Software stalwart Siebel Systems could not avoid the impact of the current market turmoil, suffering a worse-than-expected plunge in its third-quarter net income.
San Mateo, Calif.-based Siebel said on Wednesday, Oct. 17, that revenue from software license fees plummeted 38 percent in the quarter, as companies delayed or cancelled spending on customer relationship management projects. Revenue fell 14 percent to $428.5 million, down from $496.5 million a year earlier, and net income dropped 47 percent to $35.2 million - 7 cents per share - down from $67.5 million -13 cents per share - a year earlier. Analysts surveyed by Thomson Financial/First Call predicted that Siebel would earn 9 cents per share.
Despite the near miss, Siebel CEO Thomas Siebel said he was satisfied with the companys results. " In the light of numbing market turbulence, we continued to operate a profitable business," Siebel said in an earnings call, following the close of markets.
Investors were disappointed by the news, sending the companys shares lower in after-hours trading. Siebels shares closed at $17.38, down $4.16 on the day, but continued to fall to $16.35 in after-hours trading.
Analysts questioned whether Siebels sales were suffering as a result of competition from Enterprise Resource Planning vendors Oracle, PeopleSoft and SAP, which have introduced customer relationship management (CRM) products. Thomas Siebel, however, maintained that the company continued to increase its market share "in all of the markets [in which] it competes."

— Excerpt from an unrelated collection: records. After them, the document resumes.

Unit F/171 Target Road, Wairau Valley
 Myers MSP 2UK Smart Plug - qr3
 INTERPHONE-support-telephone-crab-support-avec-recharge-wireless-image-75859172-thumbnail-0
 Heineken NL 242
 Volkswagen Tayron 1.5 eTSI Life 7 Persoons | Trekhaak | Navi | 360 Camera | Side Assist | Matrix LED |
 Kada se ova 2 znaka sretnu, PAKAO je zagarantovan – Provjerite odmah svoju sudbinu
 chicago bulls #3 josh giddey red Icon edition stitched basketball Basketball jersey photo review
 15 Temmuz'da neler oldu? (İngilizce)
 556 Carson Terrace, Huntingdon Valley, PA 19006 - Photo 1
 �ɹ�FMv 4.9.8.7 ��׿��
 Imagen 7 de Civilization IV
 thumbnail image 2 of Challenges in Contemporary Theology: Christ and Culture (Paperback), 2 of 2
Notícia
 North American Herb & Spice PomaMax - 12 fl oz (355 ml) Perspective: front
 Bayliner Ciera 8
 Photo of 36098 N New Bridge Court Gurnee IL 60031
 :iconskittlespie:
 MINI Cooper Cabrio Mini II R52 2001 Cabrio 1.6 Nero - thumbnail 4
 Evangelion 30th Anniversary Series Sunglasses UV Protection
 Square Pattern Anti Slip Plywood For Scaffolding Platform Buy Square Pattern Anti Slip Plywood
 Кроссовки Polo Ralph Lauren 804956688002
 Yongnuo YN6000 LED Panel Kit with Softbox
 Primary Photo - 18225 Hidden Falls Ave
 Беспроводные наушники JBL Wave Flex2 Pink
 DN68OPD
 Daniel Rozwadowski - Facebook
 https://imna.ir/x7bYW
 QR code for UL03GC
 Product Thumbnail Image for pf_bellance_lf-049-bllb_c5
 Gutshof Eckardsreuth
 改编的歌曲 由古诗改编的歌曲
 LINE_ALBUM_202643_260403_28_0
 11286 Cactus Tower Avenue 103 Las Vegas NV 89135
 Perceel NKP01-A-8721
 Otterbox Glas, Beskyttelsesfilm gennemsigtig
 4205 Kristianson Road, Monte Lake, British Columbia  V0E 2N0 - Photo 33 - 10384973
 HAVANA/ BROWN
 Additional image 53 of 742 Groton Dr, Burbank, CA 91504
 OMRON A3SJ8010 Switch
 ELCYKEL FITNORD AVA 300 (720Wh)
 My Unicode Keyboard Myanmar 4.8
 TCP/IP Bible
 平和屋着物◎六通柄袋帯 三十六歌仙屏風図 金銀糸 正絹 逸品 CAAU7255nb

Thomas Siebel blamed the drop in license revenue on companies reluctance to invest in new deployments at this time, and remained confident the market will rebound. "The demand is there [for CRM applications]: The CIO [chief information officer] wants to do it. The CEO wants to do it. And when this thing turns, Im certain its one of the first things people will want to do in the information technology market," he said.
Siebels revenue from license fees for the third quarter fell to $193.5 million, down from $308.8 million a year earlier, while revenue from maintenance, consulting and other services rose 25 percent, from $187.7 million to $235 million. The company said it had cash, cash equivalents and short-term investments of $1.5 billion at Sept. 30, compared with $57.2 million a year ago.
Thomas Siebel added that the company has no further plans for layoffs, after making deep cuts earlier in the year. "Were doing everything we can to avoid unnecessary reductions, because when this thing turns, we want to be able to take advantage of it," he said.